After recovering from coronary artery bypass surgery, most people feel better. Some people remain symptom-free for many years. The results and long-term outcomes depend on how well blood pressure and cholesterol levels are controlled, and how well chronic conditions such as diabetes are managed. It's important to take medications as directed and follow provider recommendations for diet and exercise.

Recovery time

It usually takes about 6 to 12 weeks to recover after coronary artery bypass surgery, though each individual is different. The cardiologist and primary health care provider are the best people to estimate how long recovery will take and what can be expected... Though foremost they will reiterate that recovery time greatly depends on how well your loved one follows recommendations. They can also tell you and your loved one when to start resuming regular activities like work, driving, and traveling. 

Cardiac rehabilitation

After leaving the hospital, most people will complete a cardiac rehabilitation program. These are typically 12-18 weeks, 2 to 3 sessions per week (36 sessions). Often called cardiac rehab, this supervised program of education, counseling, and exercise helps improve heart health after heart surgery. Expect your loved one to start moving and walking while still in the hospital, though cardiac rehab helps with continued recovery and rebuilding strength after intensive cardiac procedures or events like heart attacks. Cardiac rehab programs are conducted at outpatient facilities by specially trained and highly qualified staff. (Moving portions of cardiac rehabilitation to remote online services is currently being explored.)

Scarring

The breastbone is rejoined with wires that remain in the bone and are not visible under the skin. There remains a risk, however, that a wire will break and cause discomfort and even protrude through the skin. Should your loved one experience any indications that a wire may have snapped, contact the cardiologist's office.

The overlying skin is stapled.

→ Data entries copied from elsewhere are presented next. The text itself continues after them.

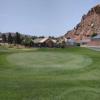 St. George Golf Club Hole #7 - Greenside - Thursday, April 28, 2022 (St. George Trip)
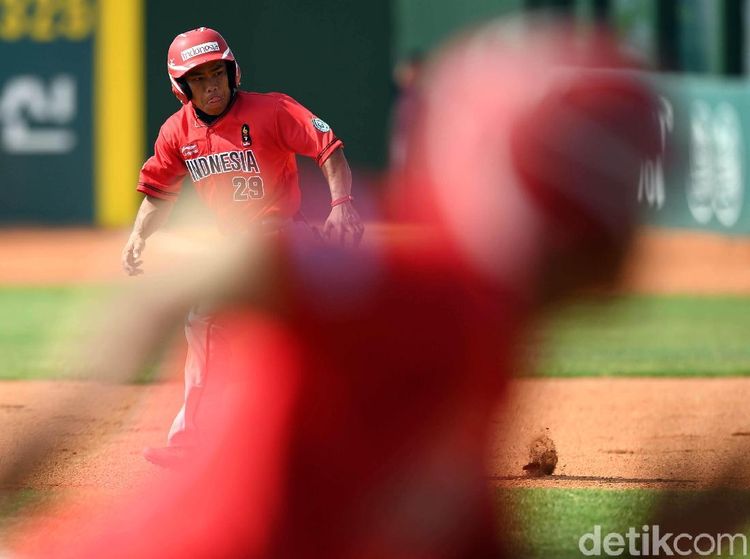Tim Bisbol Indonesia Tumbangkan Thailand
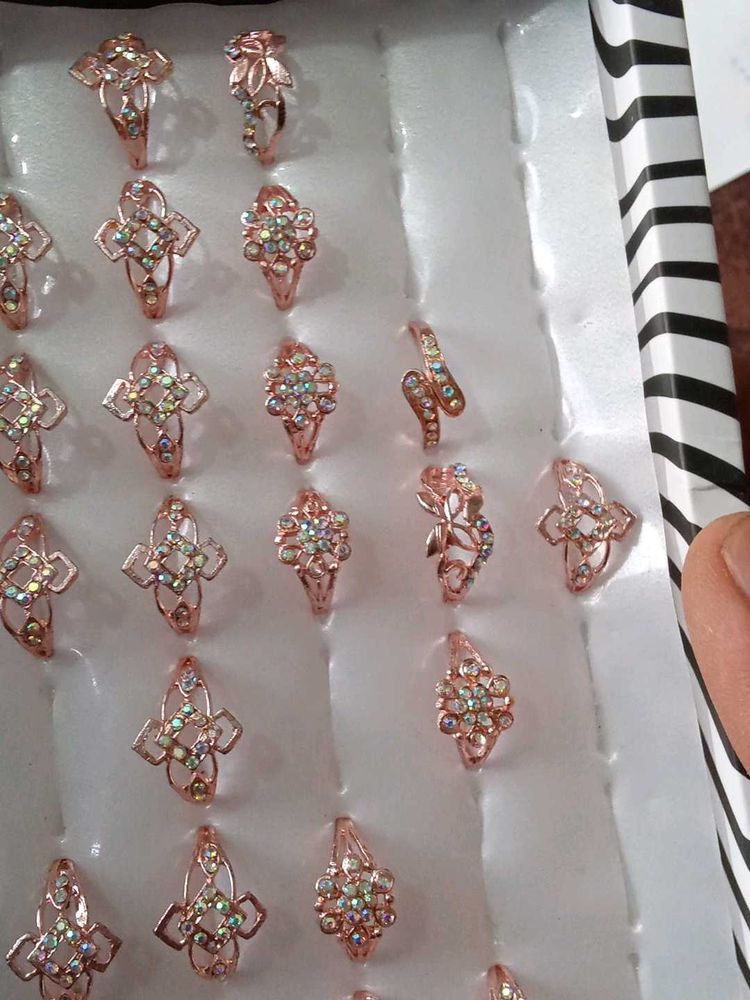 Free Size Multi Design Ring Brand New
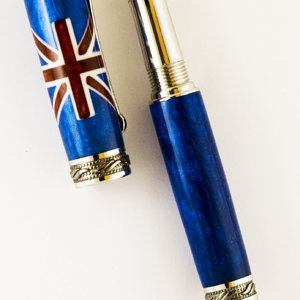 Pen for U.K. Gala: Jeff Powell's Union Jack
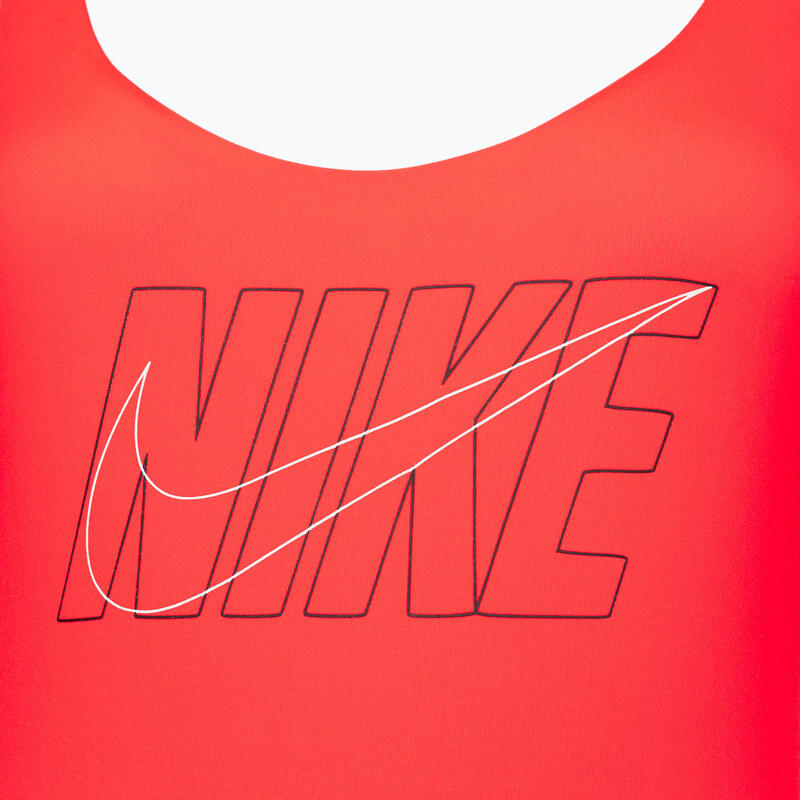 Bañador de una pieza mujer Nike Multi Logo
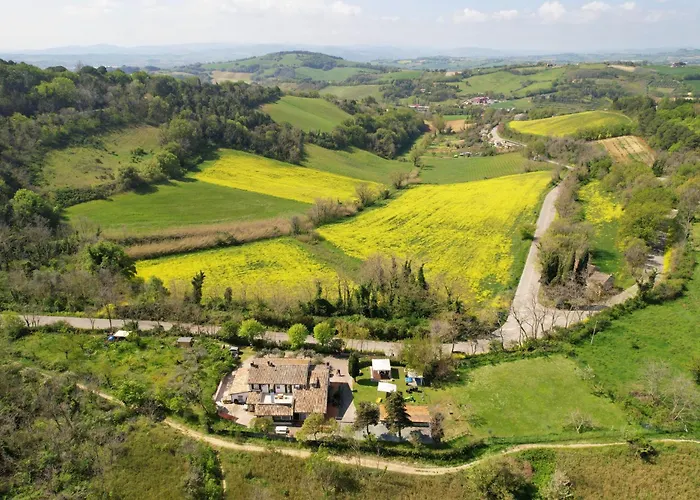 Napoleone A 10 Min Dal Mare Pesaro Villa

Once the skin is closed over the incision, the staples are removed. The 8-10 inch scar down the middle of the chest will continue to heal and scab and will become fainter over time, though it will never disappear. About 10% of people experience what's called keloid scarring, whereby there is an overgrowth of scar tissue and the scar becomes thick and raised. (People under 30, as well as people of African, Asian, or Latin descent, and those with a family history of keloids, are more susceptible to this type of scarring.)